Tiene il punto anche sui veleni circa una presunta attività di dossieraggio contro il governatore della Campania Stefano Caldoro. “Non solo non vi è stata da parte mia alcuna attività di dossieraggio ma mi sono premurato nell’interesse del partito quale coordinatore regionale di espletare tutte le opportune verifiche di notizie che, dopo il caso Marrazzo, potevano apparire problematiche.

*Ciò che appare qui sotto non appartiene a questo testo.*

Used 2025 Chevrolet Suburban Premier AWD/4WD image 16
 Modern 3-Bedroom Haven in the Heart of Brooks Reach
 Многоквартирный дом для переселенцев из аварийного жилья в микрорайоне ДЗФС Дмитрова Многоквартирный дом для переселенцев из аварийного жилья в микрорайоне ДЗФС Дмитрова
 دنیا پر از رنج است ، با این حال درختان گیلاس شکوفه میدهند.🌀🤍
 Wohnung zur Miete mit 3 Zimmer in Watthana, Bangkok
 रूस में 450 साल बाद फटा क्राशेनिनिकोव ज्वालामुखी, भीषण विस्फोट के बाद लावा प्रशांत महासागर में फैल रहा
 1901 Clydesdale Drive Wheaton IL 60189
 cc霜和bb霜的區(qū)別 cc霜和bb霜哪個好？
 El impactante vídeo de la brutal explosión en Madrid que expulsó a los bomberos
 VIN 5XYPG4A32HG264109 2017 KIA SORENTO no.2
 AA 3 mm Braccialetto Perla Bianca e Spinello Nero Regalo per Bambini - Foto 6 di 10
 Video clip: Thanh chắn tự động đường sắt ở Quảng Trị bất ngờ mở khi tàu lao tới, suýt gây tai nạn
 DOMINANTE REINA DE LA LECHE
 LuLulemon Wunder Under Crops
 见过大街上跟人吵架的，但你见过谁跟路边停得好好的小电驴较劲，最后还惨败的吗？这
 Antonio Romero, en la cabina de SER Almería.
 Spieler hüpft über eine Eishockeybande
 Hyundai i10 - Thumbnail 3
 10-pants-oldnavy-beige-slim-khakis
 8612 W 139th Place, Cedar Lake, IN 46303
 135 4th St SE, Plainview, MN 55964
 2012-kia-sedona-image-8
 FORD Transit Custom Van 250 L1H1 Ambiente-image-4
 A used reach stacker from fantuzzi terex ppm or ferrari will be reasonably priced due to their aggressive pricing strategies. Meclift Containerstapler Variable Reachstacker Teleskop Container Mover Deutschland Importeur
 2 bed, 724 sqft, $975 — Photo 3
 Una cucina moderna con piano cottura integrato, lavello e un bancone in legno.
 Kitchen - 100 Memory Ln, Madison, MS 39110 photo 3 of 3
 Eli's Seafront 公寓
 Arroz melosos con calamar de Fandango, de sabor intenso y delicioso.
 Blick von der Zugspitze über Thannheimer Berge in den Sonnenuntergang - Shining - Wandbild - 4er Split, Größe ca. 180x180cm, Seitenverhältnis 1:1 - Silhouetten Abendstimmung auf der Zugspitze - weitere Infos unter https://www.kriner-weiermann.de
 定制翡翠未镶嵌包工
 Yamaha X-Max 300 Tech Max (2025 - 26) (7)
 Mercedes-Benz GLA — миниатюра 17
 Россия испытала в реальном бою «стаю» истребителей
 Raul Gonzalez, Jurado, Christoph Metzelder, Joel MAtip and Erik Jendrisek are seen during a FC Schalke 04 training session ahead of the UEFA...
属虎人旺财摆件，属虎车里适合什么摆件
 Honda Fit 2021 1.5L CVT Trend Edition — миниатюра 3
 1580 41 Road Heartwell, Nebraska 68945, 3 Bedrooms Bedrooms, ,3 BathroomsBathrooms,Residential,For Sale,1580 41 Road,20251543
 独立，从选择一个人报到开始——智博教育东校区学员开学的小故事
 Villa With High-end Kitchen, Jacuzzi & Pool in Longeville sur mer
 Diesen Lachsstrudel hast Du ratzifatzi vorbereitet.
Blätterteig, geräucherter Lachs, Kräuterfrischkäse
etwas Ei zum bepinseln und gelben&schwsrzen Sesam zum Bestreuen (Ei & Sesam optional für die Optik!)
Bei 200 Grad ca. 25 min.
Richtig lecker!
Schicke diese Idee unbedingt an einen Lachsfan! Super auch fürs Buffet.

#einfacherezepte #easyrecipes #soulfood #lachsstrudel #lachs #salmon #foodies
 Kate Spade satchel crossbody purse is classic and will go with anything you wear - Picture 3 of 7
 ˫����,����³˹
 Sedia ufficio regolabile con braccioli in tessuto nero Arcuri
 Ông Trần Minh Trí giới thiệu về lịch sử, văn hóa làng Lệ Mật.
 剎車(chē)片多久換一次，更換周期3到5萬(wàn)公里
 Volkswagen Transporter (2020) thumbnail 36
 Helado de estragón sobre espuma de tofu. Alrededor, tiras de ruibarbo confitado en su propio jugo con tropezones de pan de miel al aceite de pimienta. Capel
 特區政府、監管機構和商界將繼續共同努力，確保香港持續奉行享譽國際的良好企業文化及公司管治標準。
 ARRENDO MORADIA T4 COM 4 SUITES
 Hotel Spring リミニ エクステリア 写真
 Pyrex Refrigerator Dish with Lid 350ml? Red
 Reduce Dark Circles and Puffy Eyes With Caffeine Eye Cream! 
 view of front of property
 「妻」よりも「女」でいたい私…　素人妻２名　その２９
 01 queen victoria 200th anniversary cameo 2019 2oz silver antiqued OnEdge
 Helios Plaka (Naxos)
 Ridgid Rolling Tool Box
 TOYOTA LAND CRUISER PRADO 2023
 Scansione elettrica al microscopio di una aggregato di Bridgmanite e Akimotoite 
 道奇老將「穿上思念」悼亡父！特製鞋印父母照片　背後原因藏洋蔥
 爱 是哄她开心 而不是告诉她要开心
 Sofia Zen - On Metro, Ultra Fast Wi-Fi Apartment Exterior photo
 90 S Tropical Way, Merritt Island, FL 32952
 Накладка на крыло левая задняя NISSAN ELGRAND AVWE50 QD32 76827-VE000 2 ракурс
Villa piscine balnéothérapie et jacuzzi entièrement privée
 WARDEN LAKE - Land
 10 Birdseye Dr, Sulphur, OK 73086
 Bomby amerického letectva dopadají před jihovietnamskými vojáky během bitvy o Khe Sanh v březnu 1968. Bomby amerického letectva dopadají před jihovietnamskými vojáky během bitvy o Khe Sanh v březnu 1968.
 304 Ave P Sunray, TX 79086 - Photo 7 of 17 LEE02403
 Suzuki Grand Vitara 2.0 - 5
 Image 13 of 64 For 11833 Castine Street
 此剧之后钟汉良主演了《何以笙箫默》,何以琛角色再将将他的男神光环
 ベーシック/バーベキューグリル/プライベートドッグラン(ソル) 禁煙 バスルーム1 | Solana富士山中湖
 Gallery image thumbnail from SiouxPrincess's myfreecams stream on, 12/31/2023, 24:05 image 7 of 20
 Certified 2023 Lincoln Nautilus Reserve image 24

E sono stato proprio io ad appoggiare col massimo dell’impegno la candidatura di Caldoro garantendogli un risultato straordinario”, spiega Cosentino.
Che poi non rinuncia a togliersi qualche sassolino dalla scarpa e il messaggio in questo caso è tutto rivolto all’inquilino di Montecitorio per la decisione di calendarizzare la mozione di sfiducia la prossima settimana. Cosentino critica la terza carica dello Stato per essersi basato solo “su indimostrate e inconsistenti notizie di stampa”. Un atteggiamento che “ben si comprende ove si conoscano le dinamiche politiche in Campania e coloro che sono i più stretti collaboratori di Fini e di Bocchino che da anni, senza successo, tenta di incidere sul territorio non già per interessi del partito bensì per mere ragioni di potere personale e che alla prova elettorale è sempre stato sconfitto”. Più che sassolini, veri e propri macigni.
Ai quali l’ex leader di An replica secco: “Quello che dice mi lascia del tutto indifferente”. E se nelle file del centrodestra le dimissioni del sottosegretario all’Economia sono viste come il male minore dal momento che servono a disinnescare una mina parlamentare particolarmente insidiosa, ciò che viene considerato il nodo cruciale per la tenuta del Pdl e della maggioranza resta il rapporto tra Berlusconi e Fini. Perché, per dirla col berlusconiano Osvaldo Napoli “non si deve aspettare un’ora di più per arrivare a fare chiarezza con Fini. Rottura o accordo, ma chiarezza va fatta in modo radicale”.
Il parlamentare forzista è convinto che la tregua in uno scenario di guerra tanto cinico sarebbe solo “l’occasione per organizzare nuove e più cruente battaglie”. Ragion per cui, osserva, è impensabile che una minoranza del Pdl “proceda per strappi successivi, pronta a sfruttare ogni aggressione mediatica per trasformarla in sentenza di condanna verso esponenti di governo e di partito”.
E d’altro canto – è il ragionamento di Napoli – non si può immaginare che “messo in salvo l’esecutivo con l’espulsione dell’esponente di turno, le cose nel partito si aggiustano da sè. Berlusconi ad agosto dovrà mettere mano insieme al governo e al partito. Nella consapevolezza che indebolire l’uno non mette per niente in salvo l’altro”.
Sul fronte delle opposizioni, Di Pietro esulta e va oltre chiedendo in perfetto stile giustizialista che la Camera conceda il via libera all’arresto di Cosentino (chiesto a suo tempo dalla procura di Napoli), mentre Franceschini intesta al Pd la vittoria politica della vicenda e il leader Udc Casini parla di “gesto di ragionevolezza” ancorchè “tardivo”.
Con le dimissioni di Nicola Cosentino da sottosegretario all’Economia sono tre gli esponenti della maggioranza che hanno lasciato l’incarico di governo in appena due mesi. Il 4 maggio scorso è toccato a Claudio Scajola, costretto a rinunciare alla guida del dicastero per lo Sviluppo economico, dopo il suo coinvolgimento nella vicenda della compravendita della sua casa al Colosseo (da allora Berlusconi ha assunto l’interim). Due mesi dopo, il 4 luglio, arrivano le dimissioni di Aldo Brancher da ministro per l’Attuazione del federalismo, a seguito del processo nel quale figura tra gli imputati per la vicenda Antonveneta. Il suo incarico è durato solo diciassette giorni.
Ieri l’addio al governo di Nicola Cosentino.